When my 17-year-old son moved past the halfway point of his junior year in high school, something pushed me into overdrive on the parenting-without-perspective spectrum. I had already mastered the passive-aggressive compliment: Through his high school years, my son's steady but easily attained B+ report cards (with the occasional A) had been met with me imploring, "If only you'd work a little harder, think of how these could be all A's." He'd come home proud of an 89 on a test, and all I could do was ask what careless error he'd made that kept him from the 90, from the A.
All along, of course, I imagined myself to be a supportive parent, the type who glimpses that most seductive thing in a child: potential. All along, I felt it was my job to push, to prod. If not me, then who?
So you can imagine what happened when it was time to register for the SATs. Of course, I told myself, my son would sign up for the prep course offered after school, do the SAT question of the day e-mail, and study three different SAT prep books every evening to supplant his television watching. My son did as he was told. And then one day, he'd had enough.
"Mom, you're getting crazy about this," he said, good-naturedly at first. But I launched into a lecture about potential, working at one's full capacity and his not understanding what was at stake. Then, a lot less good-naturedly, he let loose the unkindest cut of all: "Mom, I'm just not like you."
And there it was. Seventeen years of blunders by a Type A parent, finally explained by her Type B child. He and I are not alike, in perhaps the most poignant of ways. My son seems to understand something about balance which I never will, and exhibits an innate sense of not wanting to drown in the often unrequited quest to outdo oneself. Somehow I hadn't noticed that, in the six week pre-SAT prep schedule I'd imposed, in addition to tossing out TV, we'd also shoved aside driveway hockey time with his little brother, bike rides with Dad and his ability to read a chapter a night of his favorite book.

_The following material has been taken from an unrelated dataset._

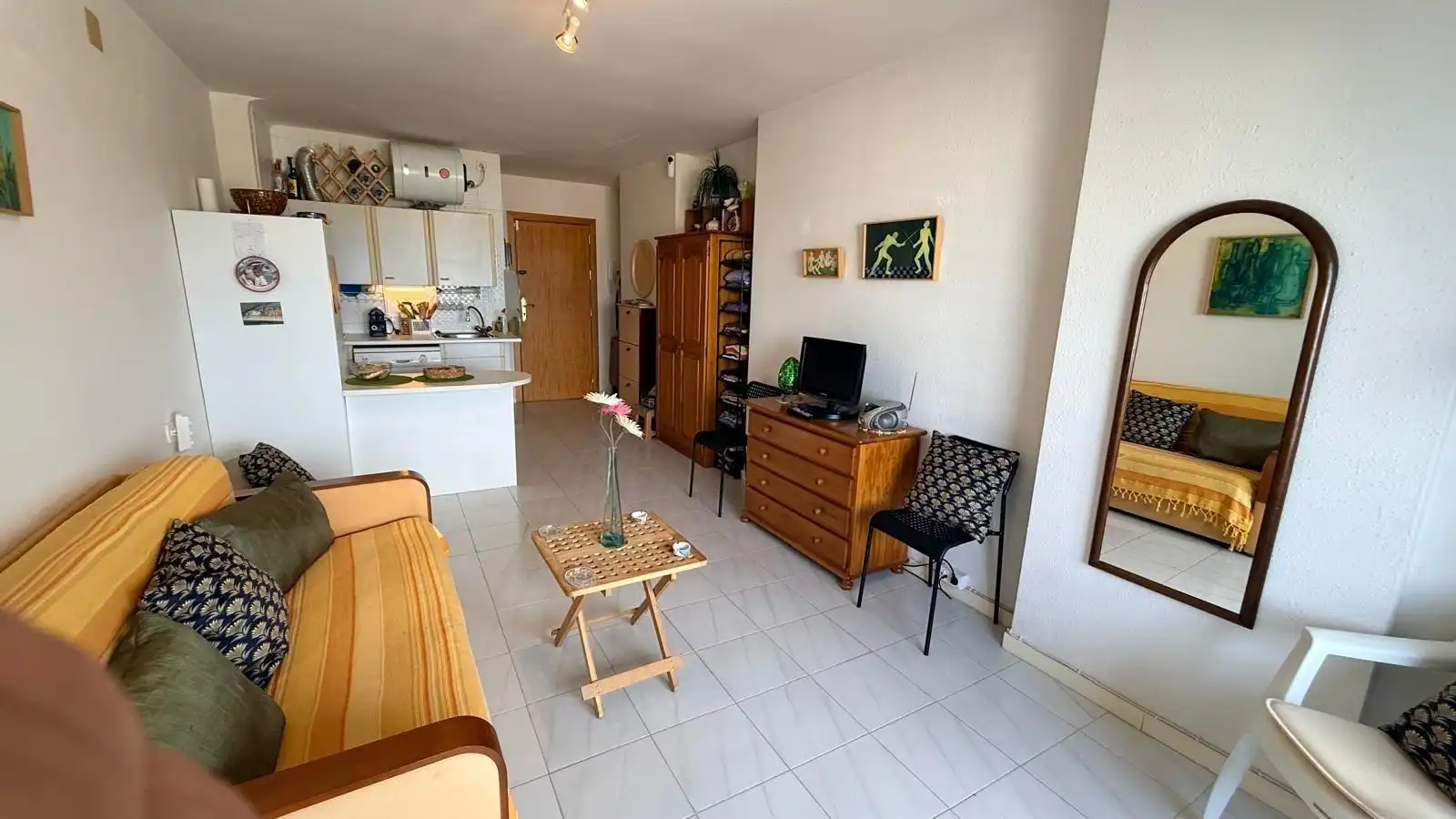 Sala d'estar de Apartament en venda en Empuriabrava amb Terrassa i Balcó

"I need down time," he grumbled one day. "If you want to help me, I need pencils."
"What?" I thundered. "Pencils?"
"Yes," he said. "More number-two pencils." That's all he needed, thank you very much.
The next morning I stopped at Staples, came home and put the box of 72 pencils on my son's desk.
"Wow, that's a lot of pencils," he said when he got home from his prep class that day.
"Well, you know me," I said. Then, with great difficulty, I forced myself not to say anything more.